Ursachen sind u. a.:
- Strukturwandel (mehr Teilzeit, weniger Industrie)
- zu geringe Investitionen in Digitalisierung & Automatisierung
- Fachkräftemangel
- sinkende Kapitalintensität
- steigende Lebenserwartung bei stagnierender Erwerbsquote Älterer
Das Potenzial älterer Mitarbeiter:innen als Produktivitätstreiber
Die Anhebung des Pensionsantrittsalters auf 67 Jahre oder mehr bietet – sofern klug umgesetzt – enorme Chancen zur Produktivitätssteigerung, vor allem durch:
- Erfahrung, Verlässlichkeit und Prozesswissen
60+ Mitarbeitende bringen Fachwissen, betriebliches Know-how und eine hohe Loyalität mit. Zwei Studien des Max-Planck-Instituts zeigen, dass bei komplexen Aufgaben ältere Arbeitskräfte oft sogar produktiver sind als jüngere – vor allem durch Fehlervermeidung und Sorgfalt.
- Generationendialog statt „Silostruktur“
Durch Mentoring und Reverse Mentoring profitieren Jung und Alt: Erfahrungswissen trifft auf neue Technologien. Ein Beispiel: Die Integration älterer Mitarbeitender in Innovationsprojekte kann Fehlstarts vermeiden – ein klarer Produktivitätsgewinn.
- Höhere Teamstabilität & Kundenbindung
Ältere Mitarbeitende haben zeigen eine geringere Fluktuation und eine stärkere Kundenbindung, was besonders in serviceorientierten Branchen wie dem Handel oder dem Gesundheitswesen von Vorteil ist.
Unternehmenskultur und strategische Umsetzung
Ein nachhaltiger Produktivitätseffekt ist nur dann möglich, wenn Unternehmen nicht nur auf politischen Druck (z. B. Bonus-/Malus-Systeme) reagieren, sondern aktiv und überzeugt auf Altersdiversität setzen:
- Neue Jobangebote für 60+ Neueinsteiger:innen
Aktuell sind viele ältere Arbeitslose „langzeitarbeitslos“ – nicht wegen mangelnder Qualifikation, sondern wegen fehlender Angebote. Zielgerichtete Programme für z. B. Beratungsrollen oder Qualitätssicherung nutzen vorhandenes Wissen und reduzieren Einarbeitungszeit.
In Stellenanzeigen „60+ willkommen“ signalisiert Wertschätzung und Offenheit.

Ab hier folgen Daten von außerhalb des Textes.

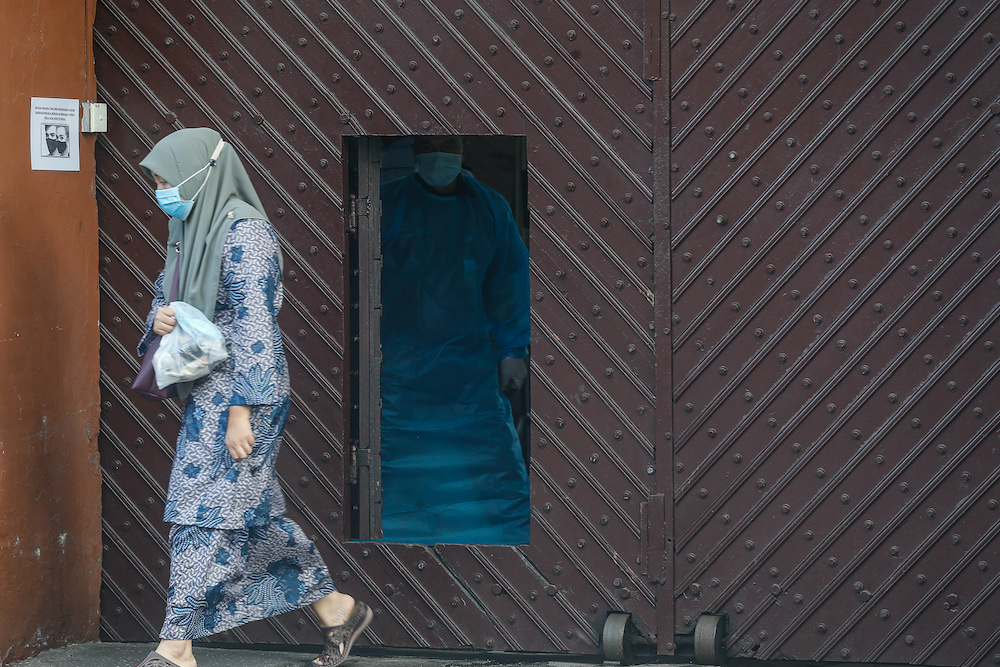 A man in a PPE suit is seen at the Penang Remand Prison along Jalan Penjara, October 6. 2020. u00e2u20acu201d Picture by Sayuti Zainudin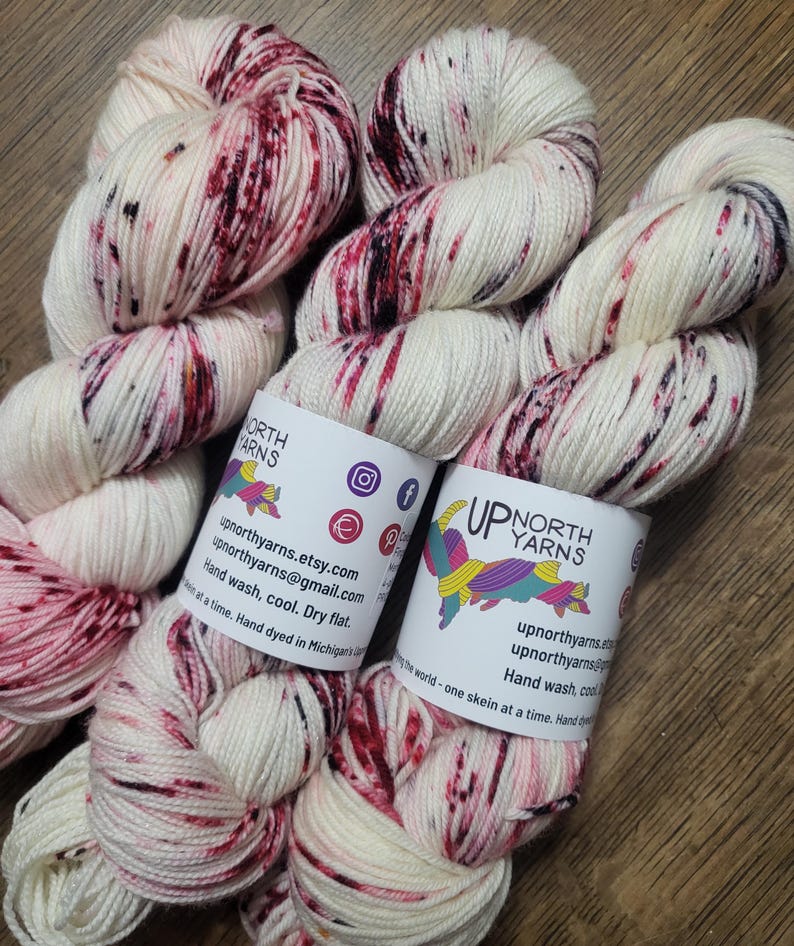 May include: Skeins of hand-dyed yarn in cream with burgundy and black speckles. The yarn is labeled "UP NORTH YARNS" with social media icons and contact information. The label also includes care instructions: Hand wash, cool, dry flat.
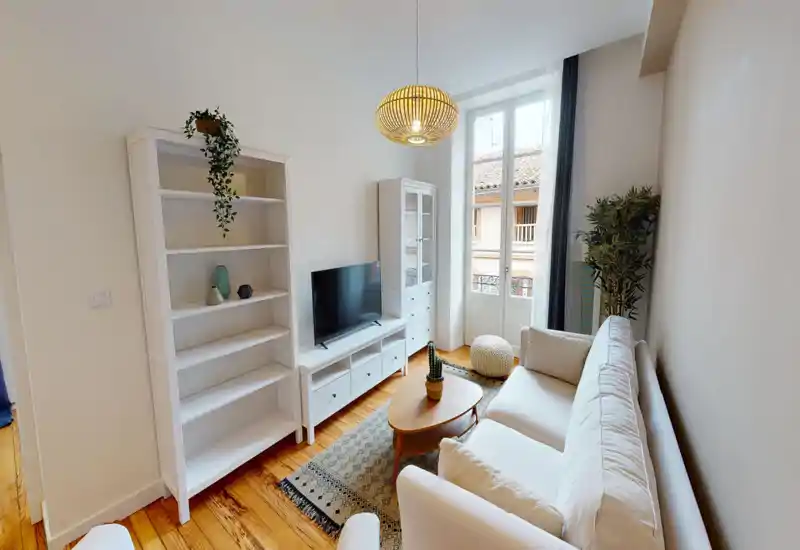 Salon lumineux et élégant avec un canapé blanc confortable, meuble TV, table basse et tapis décoratif. Une grande fenêtre apporte une belle lumière naturelle et le parquet chaud donne du caractère.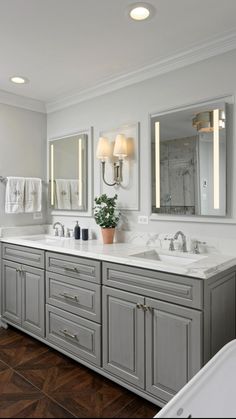 a large bathroom with two sinks and mirrors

- Altersgerechte Arbeitsgestaltung
Flexible Teilzeitmodelle, ergonomische Arbeitsplätze, Homeoffice für Routineaufgaben – das sind kosteneffiziente Maßnahmen, die Produktivität sichern und Motivation erhöhen.
- Lebenslanges Lernen
Förderprogramme wie die „Qualifizierungsoffensive 50+” bieten älteren Arbeitnehmer:innen finanzielle Unterstützung zur Weiterbildung – mit messbarem Produktivitätsplus.
Förderprogramme wie z.B. die Qualifizierungsoffensive 50+ bieten finanzielle Unterstützung zur Weiterbildung älterer Arbeitnehmer:innen – mit messbarem Produktivitätsplus.
Vorteile für Unternehmen – kostenschonend und effektiv
Gerade in Zeiten knapper Budgets profitieren Unternehmen mehrfach:
- Geringere Fluktuation = weniger Recruitingkosten
- Höhere Fehlervermeidung = stabilere Prozesse
- Erfahrungsschatz = kürzere Projektlaufzeiten und höherer Output
- Mentoringeffekte = schnellere Integration neuer Kolleg:innen
All das sind Produktivitätshebel ohne großen Kapitaleinsatz.
Fazit
Die Anhebung des faktischen und in weiterer Folge des gesetzlichen Pensionsantrittsalters ist angesichts der demografischen Entwicklung und der Budgetzwänge unausweichlich. Sie kann aber – richtig genutzt – zu einem strategischen Vorteil für Unternehmen werden. Die gezielte Einbindung älterer Arbeitnehmer:innen, ein generationenübergreifender Wissenstransfer und eine offen gestaltete Firmenkultur verwandeln die Herausforderung in ein echtes Produktivitätsplus – für Betriebe, Gesellschaft und das Budget.